A variety of factors are combining to drive enormous growth in the deployment of body-worn cameras (BWCs) by law enforcement agencies. Increased funding for such cameras (for example, state and federal grants) has become more readily available in response to growing calls for more transparency in the operations of law enforcement agencies. Body-worn cameras significantly increase such transparency, thus serving to enhance relations and trust with the local community and shield a department’s officers from false accusations of misconduct.
Police body cameras perform more conventional functions of video surveillance equipment (collecting evidence for trial, recording victim interviews, etc.). Offering wide flexibility and more affordability with the prices dropping considerably in the past few years, BWCs now occupy a central place in the budgetary planning of many police departments. But it’s important to remember that these cameras represent only one facet of a complete video surveillance solution.
BWCs are an addition to other video surveillance that has been used by many with in-car video, photos of scenes and public video surveillance. The video from these devices along with the images and photos that may be transferred to the police from third parties have the potential to be evidentiary data and must be stored and managed as such.
Video and digital images are exceptionally heavy users of storage space and the guidelines around managing the evidentiary data is key to it being recognized as a valuable source by the criminal justice system. Planning your data storage strategy is a key element of formulating an overall digital evidential plan. Only then can you compile a complete picture of the costs, personnel requirements and policy standards that deploying an effective BWC and video surveillance solution will entail.
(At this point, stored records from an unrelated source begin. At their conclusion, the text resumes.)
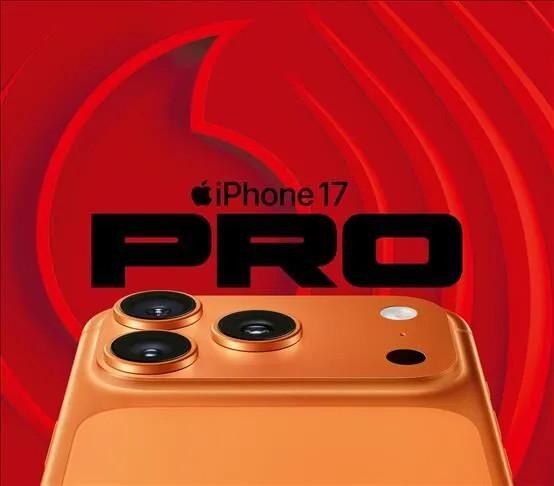 Türkiye has world’s most expensive iPhone: Deutsche Bank report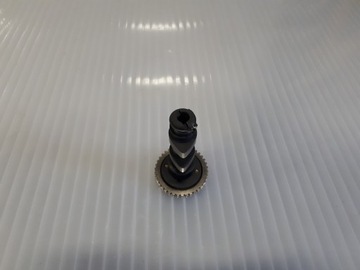 POLARIS SPORTSMAN 570 wałek rozrządu OE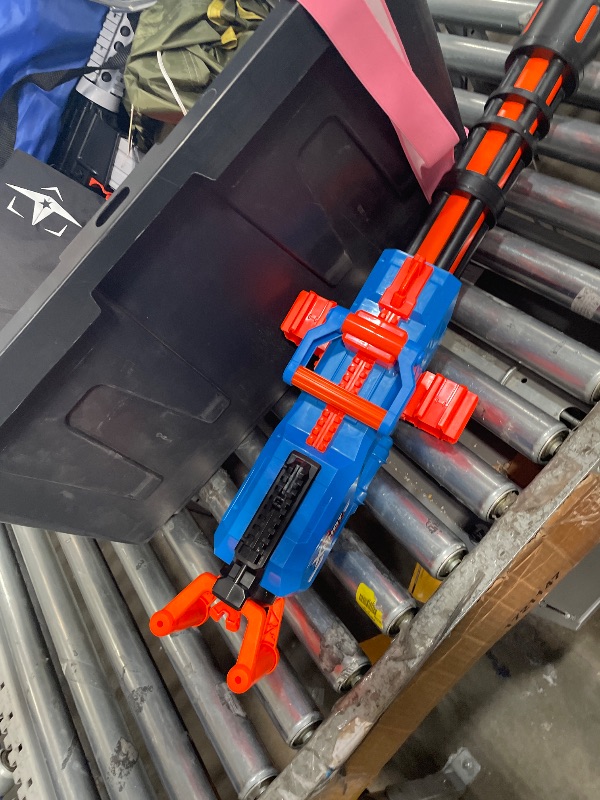 Photo 1 of Lot 1065048386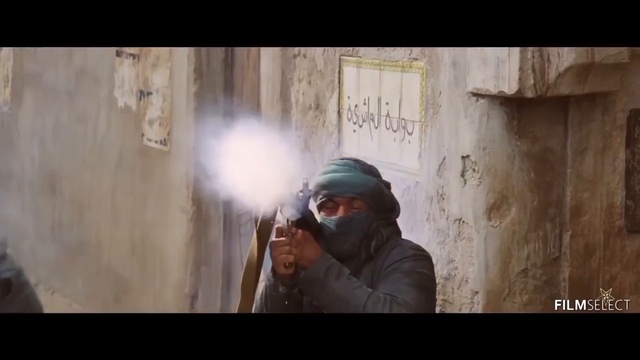 МУМИЯ вторая часть съемок + Трейлер (2017)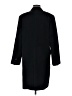 Gallery Black Coat Size M - photo 2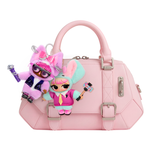 MGA Entertainment 249498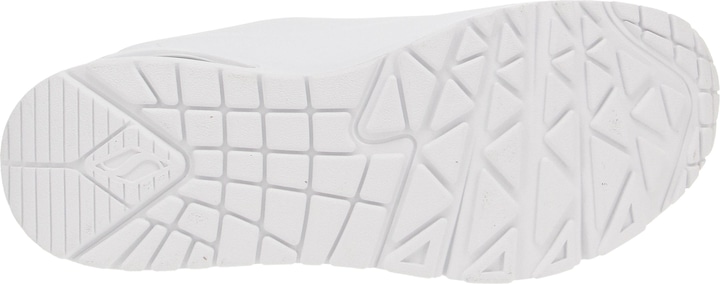 Image du produit Skechers Baskets - 104466 (39)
The most obvious data storage requirement is sufficient capacity; as utilization of body cameras and other surveillance video grows, the amount of requisite capacity can rapidly expand. For example, if a department has 200 officers and each activates his/her camera for only one hour per shift (a very conservative estimate), the amount of video data to be archived each year would reach 33TB. This figure can quickly escalate; as the number of officers equipped with cameras increases, and the number of hours per day that each camera is activated grows, the sheer quantity of video data that must be archived may increase by orders of magnitude. Thus any archive storage solution you consider must have the scalability to easily and cost-effectively add capacity as needed.
Impact of Retention Rules
In addition to the daunting amount of archive storage capacity that evidentiary videos and images consume, police departments and other law enforcement agencies must also address the retention requirements that govern how long video surveillance and images must be stored. These requirements are often dictated by state or federal laws that detail retention periods for official records.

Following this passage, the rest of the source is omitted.